— WHAT YOU ARE ASKED TO DO —
Please set down each of the lines below once more, exactly, omitting all pictures.

— RECORDED DATA —
════

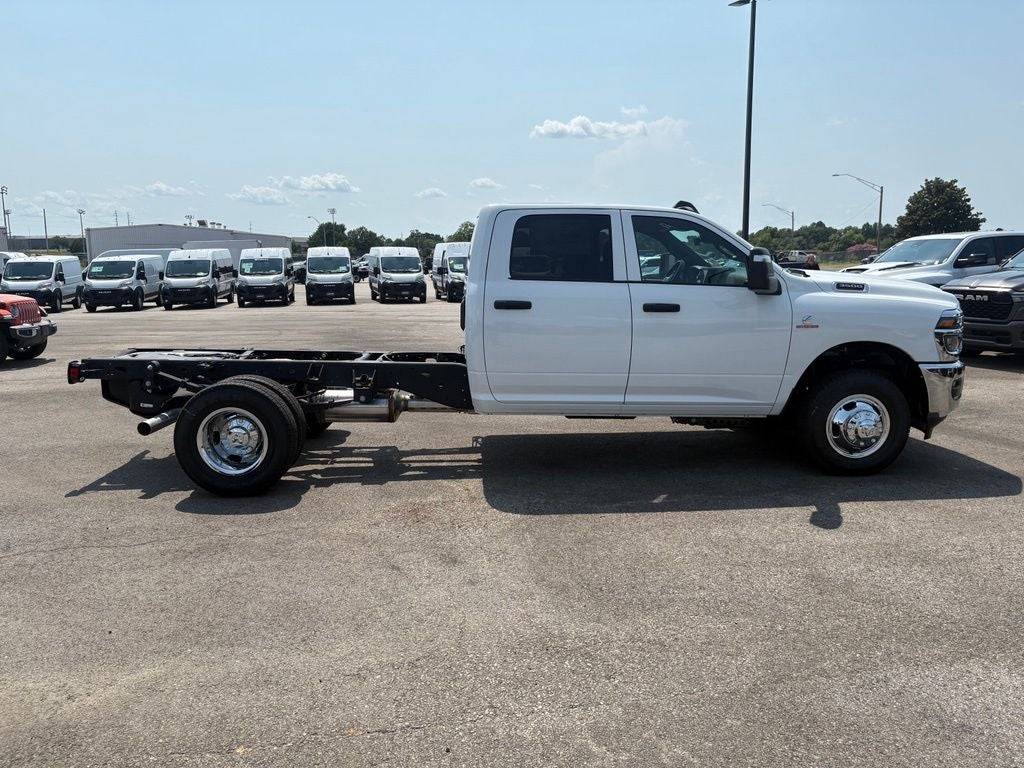2026 RAM 3500 Chassis RAM 3500 TRADESMAN CREW CAB CHASSIS 4X4 60' CA
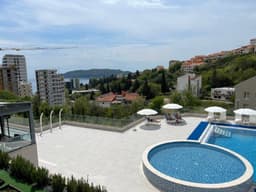 Современные апартаменты в Бечичи с панорамным видом всего за 1600 EUR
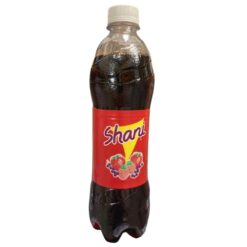 Opplev den forfriskende smaken av Shani i en praktisk boks med 12 flasker. Hver flaske inneholder 500 ml av denne herlige drikken, noe som gjør den perfekt for å dele med familie og venner eller fylle opp for din egen fornøyelse.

════

— SOLUTION BELOW —
2026 RAM 3500 Chassis RAM 3500 TRADESMAN CREW CAB CHASSIS 4X4 60' CA
 Современные апартаменты в Бечичи с панорамным видом всего за 1600 EUR
 Opplev den forfriskende smaken av Shani i en praktisk boks med 12 flasker. Hver flaske inneholder 500 ml av denne herlige drikken, noe som gjør den perfekt for å dele med familie og venner eller fylle opp for din egen fornøyelse.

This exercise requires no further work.